→ **PROVIDED INFORMATION**:
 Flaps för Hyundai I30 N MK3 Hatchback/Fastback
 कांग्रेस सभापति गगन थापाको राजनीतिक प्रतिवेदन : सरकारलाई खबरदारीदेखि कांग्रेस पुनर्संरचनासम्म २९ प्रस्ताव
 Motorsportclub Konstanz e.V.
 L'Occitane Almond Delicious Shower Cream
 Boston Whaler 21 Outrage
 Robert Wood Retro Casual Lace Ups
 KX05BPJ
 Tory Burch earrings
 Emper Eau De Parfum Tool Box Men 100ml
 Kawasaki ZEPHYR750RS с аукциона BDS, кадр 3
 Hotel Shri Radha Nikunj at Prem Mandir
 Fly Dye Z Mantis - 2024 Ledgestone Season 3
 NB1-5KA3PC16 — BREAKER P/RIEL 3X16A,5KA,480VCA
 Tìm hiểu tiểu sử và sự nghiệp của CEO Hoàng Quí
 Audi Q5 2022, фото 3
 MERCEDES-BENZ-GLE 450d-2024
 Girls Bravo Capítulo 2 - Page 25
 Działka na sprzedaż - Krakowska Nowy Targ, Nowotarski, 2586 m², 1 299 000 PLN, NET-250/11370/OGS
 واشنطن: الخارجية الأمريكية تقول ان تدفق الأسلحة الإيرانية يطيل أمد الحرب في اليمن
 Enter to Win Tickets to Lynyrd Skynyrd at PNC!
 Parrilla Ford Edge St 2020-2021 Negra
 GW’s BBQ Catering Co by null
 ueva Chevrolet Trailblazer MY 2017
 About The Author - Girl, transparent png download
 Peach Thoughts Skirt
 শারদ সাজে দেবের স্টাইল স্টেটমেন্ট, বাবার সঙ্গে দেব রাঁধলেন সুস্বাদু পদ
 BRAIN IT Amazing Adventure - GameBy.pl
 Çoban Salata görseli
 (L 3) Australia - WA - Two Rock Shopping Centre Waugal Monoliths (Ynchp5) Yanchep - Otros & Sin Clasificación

→ **WHAT NEEDS TO BE DONE**: Your answer must consist only of the lines from the one with "GW’s BBQ Catering Co by null" through the final line of the entries, each retyped exactly.

→ **ANSWER SPACE**:
 GW’s BBQ Catering Co by null
 ueva Chevrolet Trailblazer MY 2017
 About The Author - Girl, transparent png download
 Peach Thoughts Skirt
 শারদ সাজে দেবের স্টাইল স্টেটমেন্ট, বাবার সঙ্গে দেব রাঁধলেন সুস্বাদু পদ
 BRAIN IT Amazing Adventure - GameBy.pl
 Çoban Salata görseli
 (L 3) Australia - WA - Two Rock Shopping Centre Waugal Monoliths (Ynchp5) Yanchep - Otros & Sin Clasificación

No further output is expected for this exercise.